If you have not read Chapter 1 of Stallings' book (including
Appendix 1A) carefullly before, now is a good time to go back and read
it. In particular, make certain you have read and understood the
sections on The Memory Hierarchy, Cache Memory, and I/O Communication
Techniques. All of what we are studying now is an elaboration on the
themes introduced there.
As we have observed before, there are a few basic ideas in computing,
which people apply over and over in slightly different ways. One of these
ideas is that of a cache. A cache is a special kind of buffer, that is
used to reduce the average-case cost of accessing a comparatively slow
storage medium. Main memory access time is much slower than CPU
instruction cycle times. Disk storage access time is MUCH slower than
main memory access times.
Because all of the items on the list above are based on the
cache principle, you will see many similarities between them.
The similarities will make it easier for you to understand them,
but you must take care not to forget that they are all distinct.
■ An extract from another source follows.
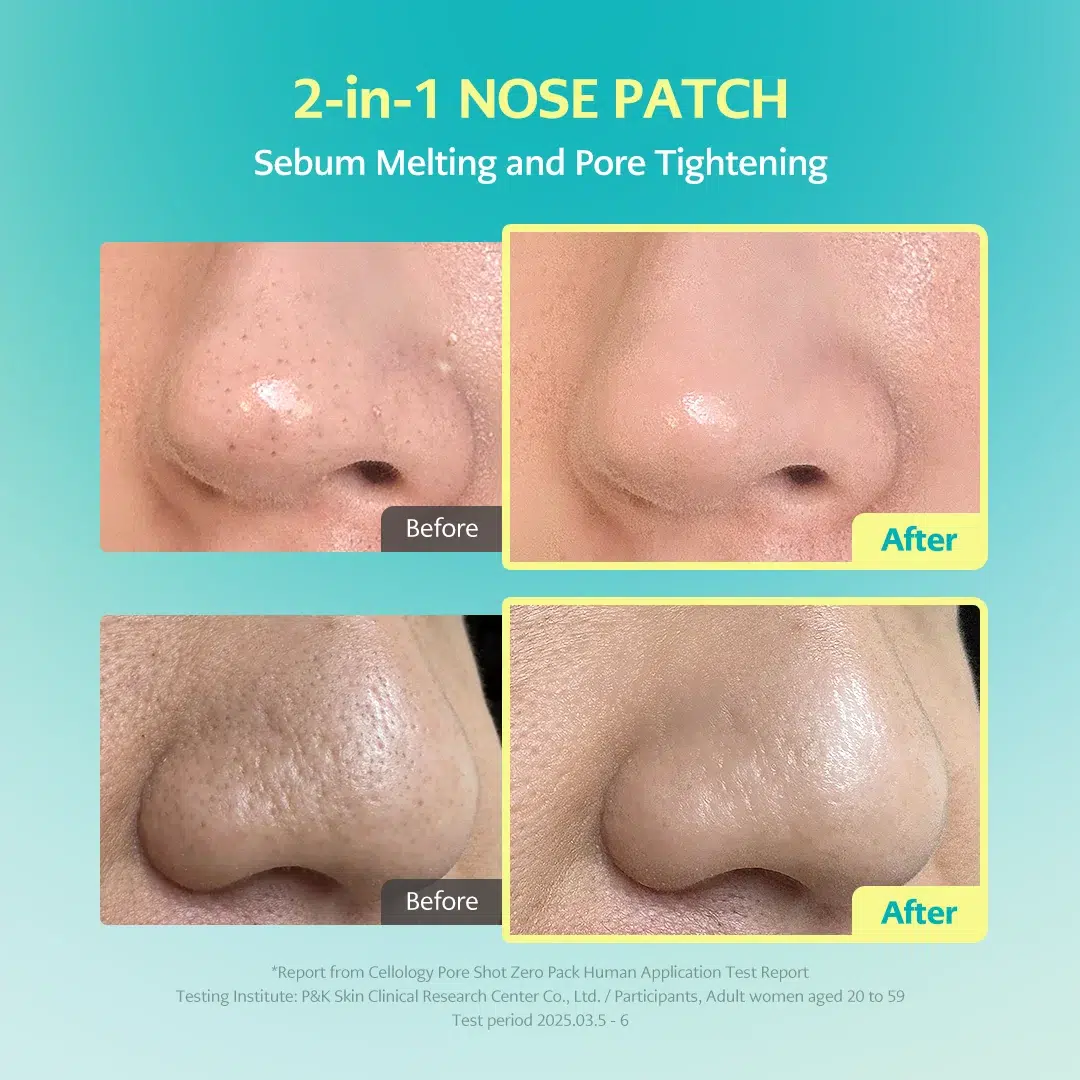 Jumiso Patch de Nuit Anti Imperfections et Pores Dilatés pour Nez 10 pièces – Image 3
Similarities: Cache Principles/Assumptions
- References to storage/memory are not random
- In particular, references exhibit a pattern of
locality in space and time
- We can guess a set of locations that,
with high probability, will include most of the next few references
- Keeping the contents of those locations in faster storage/memory
will save time
- The overhead of this mechanism will not exceed the payoff, on
the average
Note that all of the above is based on probabilities, and
long term, average case, behavior. The fundamental assumption is that
of locality of reference.
Recall from Chapter 1 the two forms of locality:
- temporal: locations referenced recently are more likely to
be referenceed again soon
- spatial: locations at addressed near locations referenced
recently are more likely to be referenced again soon
Similarities: Cache/VM Performance Issues
- Total size of cache
- Size of blocks/units within cache (granularity)
- Replacement policy
The design and performance issues for the various applications of
the cache principle are similar. Generally, a larger total cache size
results in a higher probability of hits, which is good. Generally,
the granularity must be tuned to fit the system. If the granularity
is too large or too small, the miss ratio will go up. In all cases,
a critical decision is the replacement policy, i.e., how
to decide which data should be kicked out of the cache when we need
to bring in some new data.
We will see there are also important differences in each
application of the cache principle. Some of these have to do with the
relative speeds of the devices, the relative costs of devices, the
degree of success we can expect in predicting the locality of
references, and the relative cost of bad guesses. For example, the
faster the replacement decision must be made the simpler the policy
must be, since the performance improvement due to a better hit ratio
would be eaten up by the overhead of making the decisions.
Execution of a Program with Virtual Memory
- OS brings a few piece of the program into main memory when process starts execution
- Resident set = portion of process that is in main memory
- A trap/interrupt is generated when an address is needed that is not in the resident set
(This trap is called a page/segment fault)
- OS puts the process in the Blocked state
- Piece of process that contains the logical address is brought into main memory
- OS initiates a disk read request
- Another process is dispatched to run while until the disk I/O completes
- An interrupt is issued when disk I/O completes
- OS puts the process in the Ready state
Virtual versus Real Memory
- Real memory = Main memory
- Virtual memory
memory preceived by user/program
- may be distributed between main memory and secondary memory (disk,
also called backing store)
- allows for effective multiprogramming and relieves the user of tight
constraints of main memory
Virtuality
The term virtual is used a lot in computing.
- virtual memory, virtual address
- virtual processor
- virtual machine
- virtual registers
- virtual time (see below)
- virtual clock
- virtual reality
Do you know what these all mean?
Can you think of any more?
You should be able to generalize the meaning. What do these all
have in common?
By now, the term virtual has migrated from
the technical jargon of computer scientists to common speach, through
the popular media, so most people already understand the
difference between a virtual thing and a real thing.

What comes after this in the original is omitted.